Pero hay un favor que, incluso si quisiéramos, de ninguna manera podríamos pasar en silencio. De hecho, no puede ser admisible que una persona, equipada con una mente sana y capaz de reflexionar, no diga nada, incluso si está muy por debajo del deber, del distinguido beneficio divino que estamos a punto de recordar.
Dios creó al hombre a su imagen y semejanza. Le proporcionó inteligencia y razón a diferencia de todos los demás seres vivos en la tierra. Le dio el poder de deleitarse con la estupenda belleza del paraíso terrenal. Y finalmente lo hizo soberano de todas las cosas en el mundo.
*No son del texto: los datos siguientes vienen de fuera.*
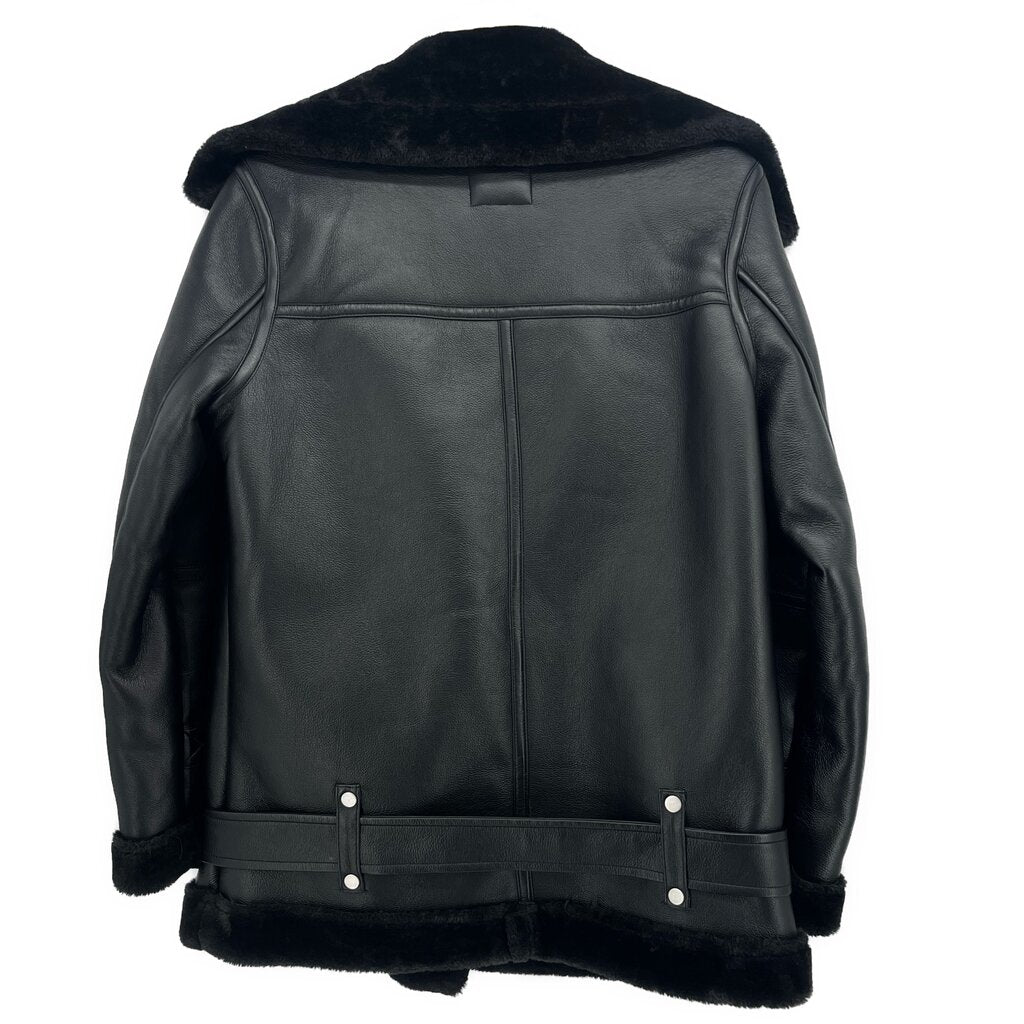 Black vegan outerwear jacket, back view with zip front and button belt at hem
Después del engaño de la serpiente, la caída en el pecado y, a través del pecado, la muerte y la tribulación, no abandonó a la criatura a su destino. En cambio, le dio la ley para ayudar, proteger y proteger a los ángeles y envió a los profetas para corregir los vicios y enseñar la virtud. Con amenazas de castigo reprimió y erradicó la impetuosidad del mal. Con promesas estimuló la presteza de lo bueno. No pocas veces mostró de antemano, en esta o aquella persona, el destino final de la vida buena o mala. No estaba desinteresado en el hombre, incluso cuando continuó persistentemente en su desobediencia. No, en su bondad, el Señor no nos abandonó a pesar de la tontería y la insolencia que mostramos al despreciar los honores que nos había ofrecido y al pisotear su amor como benefactor. De hecho, nos llamó de la muerte y regresó a una nueva vida a través de nuestro Señor Jesucristo.
En este punto, incluso la forma en que se obtuvo el beneficio despierta una admiración aún mayor: "Aunque era de naturaleza divina, no consideraba su igualdad con Dios un tesoro celoso, sino que se despojó de sí mismo, asumiendo la condición de un sirviente" (Phil 2, 6-7). Además, él asumió nuestros sufrimientos y nuestros dolores, por nosotros fue golpeado porque fuimos curados por sus heridas (cf. Is 53, 4-5) y todavía nos redimió de la maldición, convirtiéndose en sí mismo por nuestra maldición. (ver Gálatas 3:13), y fui a encontrar una muerte extremadamente ignominiosa para traernos de vuelta a una vida gloriosa.
No se contentó con recordarnos de la muerte a la vida, sino que nos hizo partícipes de su propia divinidad y nos mantuvo preparados para una gloria eterna que supera cualquier evaluación humana.
Entonces, ¿qué podemos hacer al Señor por todo lo que nos ha dado? (cf. Sal 115, 12). Es tan bueno que ni siquiera exige el intercambio: en cambio, está contento de que le correspondamos con nuestro amor.
Cuando pienso en todo esto, me quedo aterrorizado y aturdido por miedo a que, debido a mi ligereza mental o las preocupaciones de la nada, me debilite en el amor de Dios e incluso se convierta en una causa de vergüenza y desdén por Cristo.